Good, in these last days of the age of works, means to steer the ire, place it where it belongs and thus allow the reawakening to the divine nature of existence, pretty much like through the help of a defibrillator. And evil is the abyss below the tightrope in this undertaking.

2. On the ability to recognise the fullness of the ideal. The impairment of the knowledge of one's soul that I was talking about in the article Seelenkenntnis is, more precisely, the inability to measure the degree to which any ideal is being fulfilled, i.e. the affected people have no notion of how close they are to an appropriate state of affairs, but only a sense of the direction, in which change should occur.

Because of this they are neither determined nor undetermined by their own standards like the rest of us, who either know that they have a lot to do in order to establish them or that their contribution isn't essential.
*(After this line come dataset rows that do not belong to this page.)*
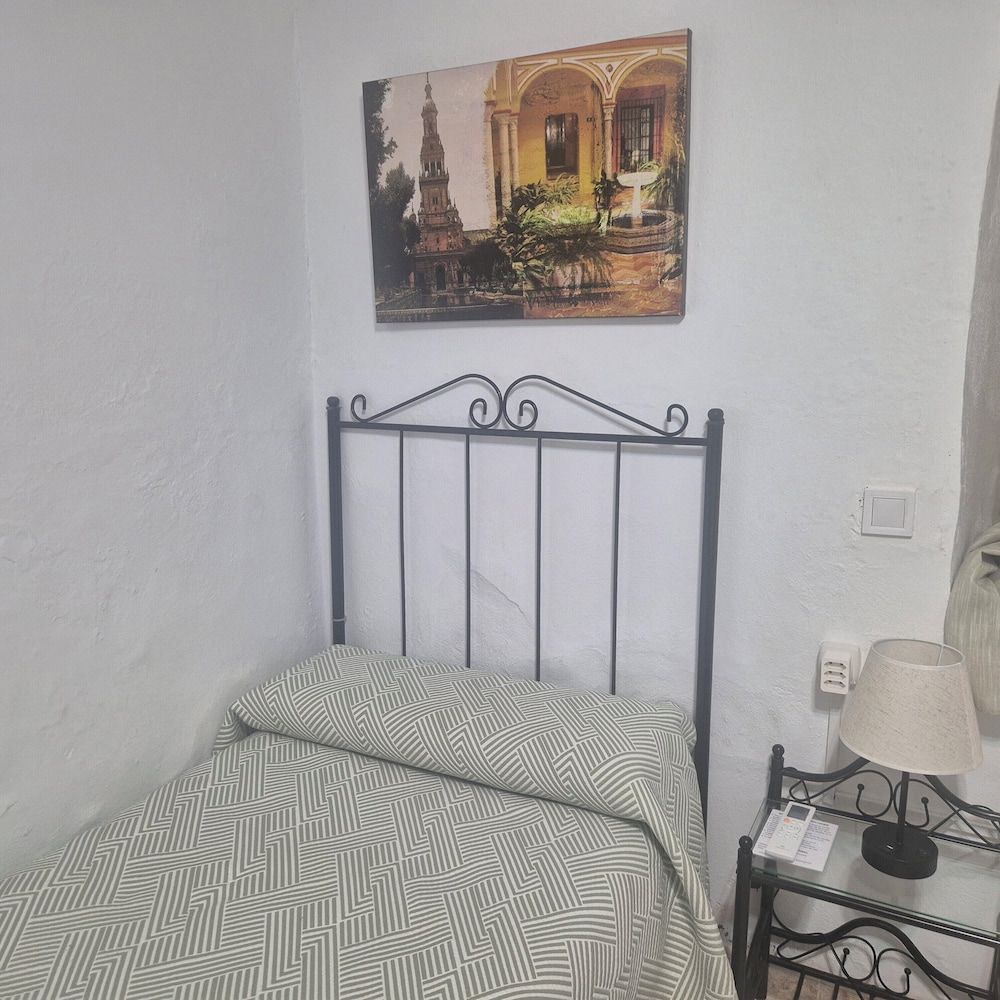 Pensión Javier Double or Twin Room, Private Bathroom 4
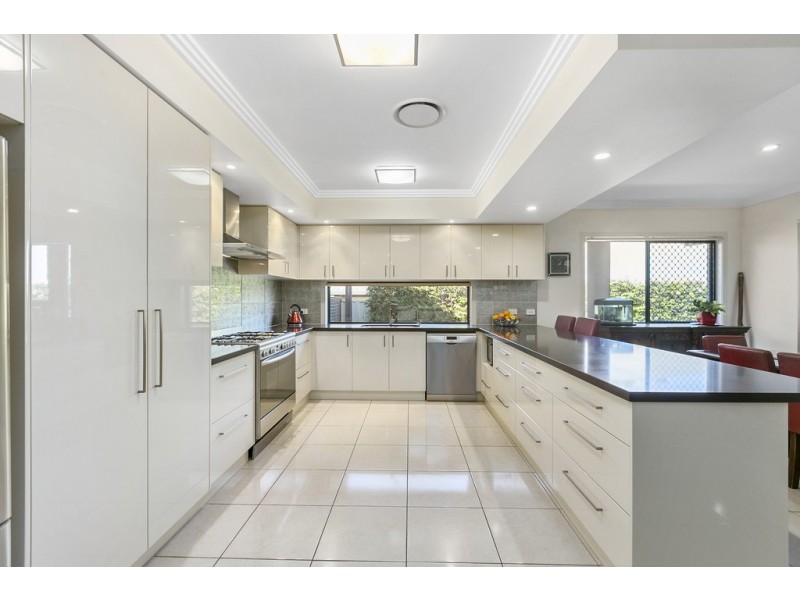 2-36 Duncan Street, Wynnum West QLD 4178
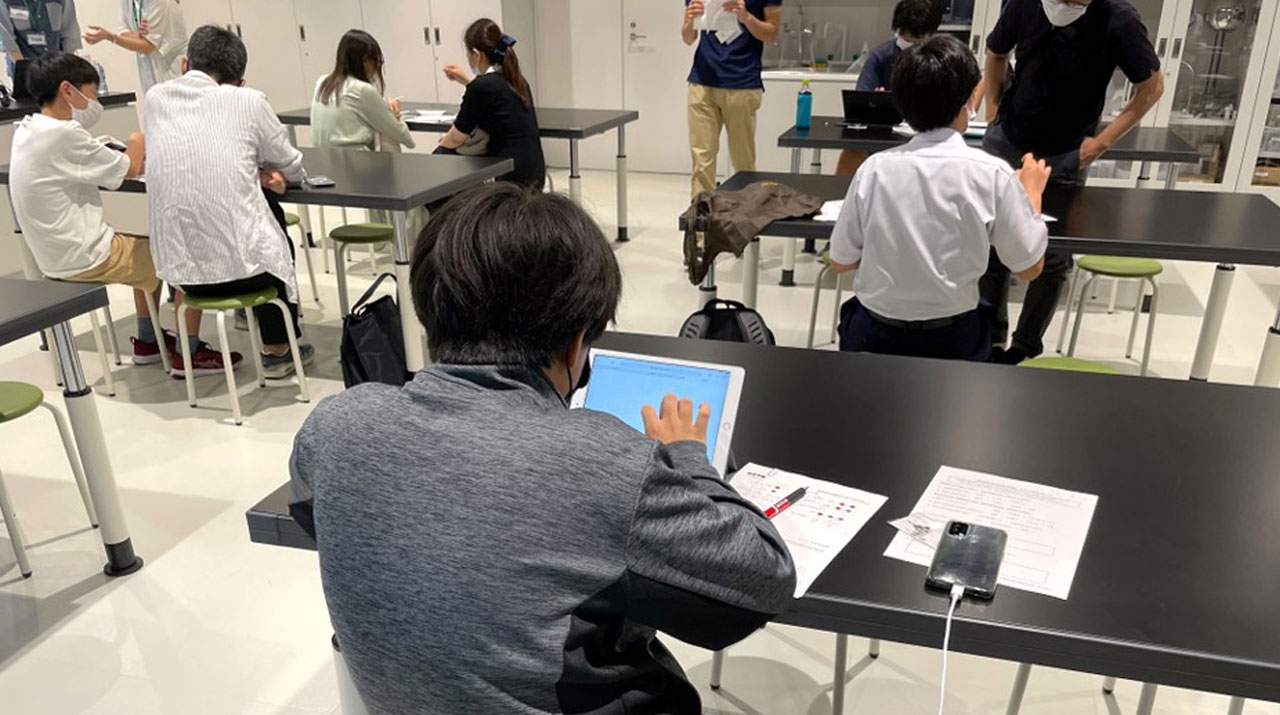 中学生・高校生向け科学教室「量子コンピュータでパズルを解こう2022」を開催
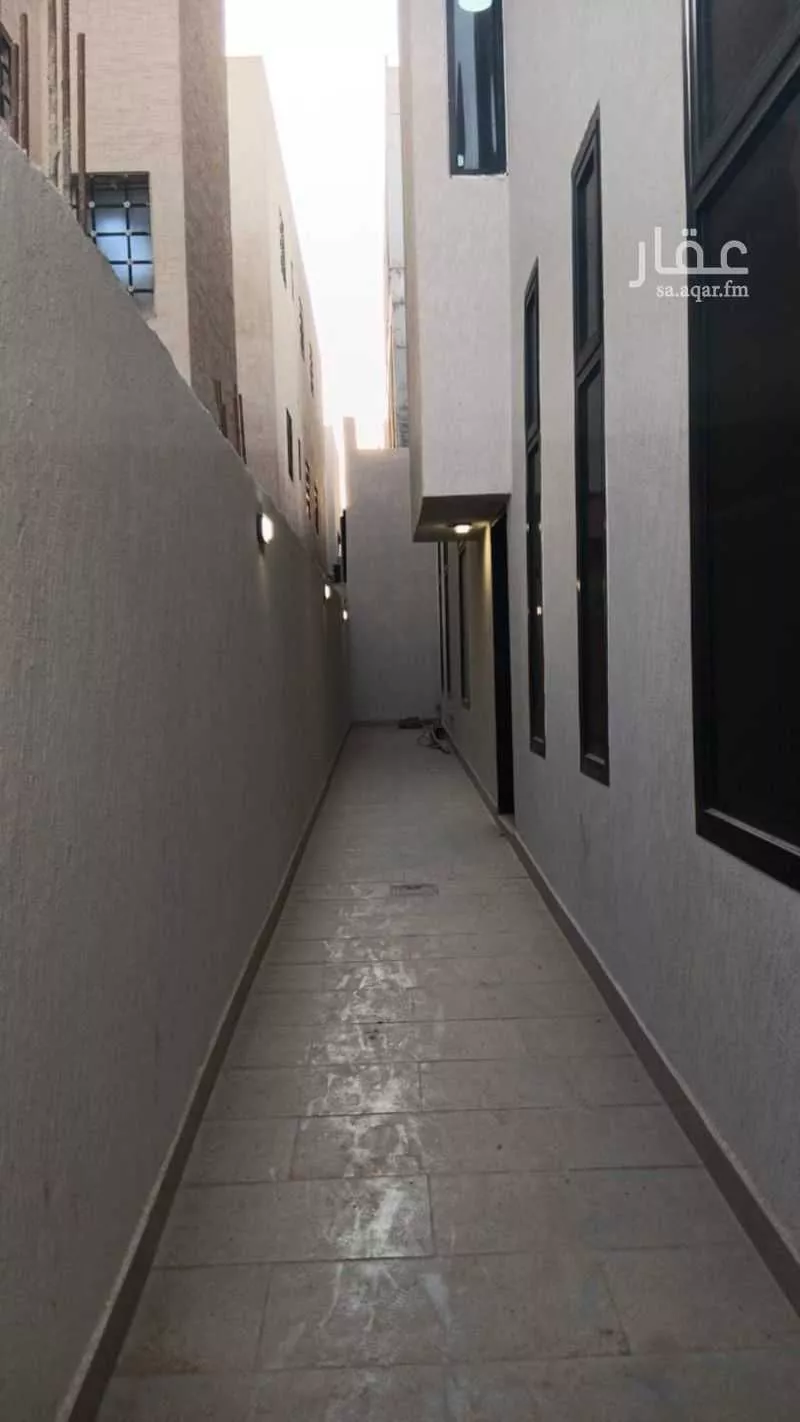 4 bedroom floor in Al Narjis 2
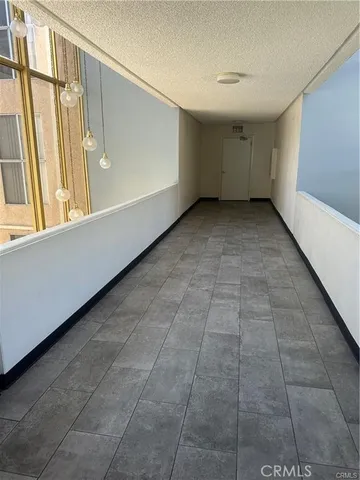 $2,600 | 5429 Newcastle Avenue, Unit 206, Encino, CA 91316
Instead such a person would simply consider himself morally invested. In an independent person this investment takes on the form of helpfulness, neither minding the length nor the shortness of the way still ahead, and in a dependent one the form of fanaticism, unable to gauge the gravity of the offense.

A collective of such people, that is a people without any notion of the fullness of its ideals, will almost certainly make a mockery out of the religion it adheres to, and I think that the Philippines and Indonesia illustrate this. An individual person without this notion does on the other hand stand a good chance to adorn her faith, like Jeanne d'Arc here, in my estimation.


(I met one such man during my time in the army. The look on Jeanne d'Arc's face is characteristic. Feel free to compare it with arbitrary Filipinos and Indonesians. Not saying that all of them are like that, but likely the majority, with the higher percentage probably amongst Indonesians.)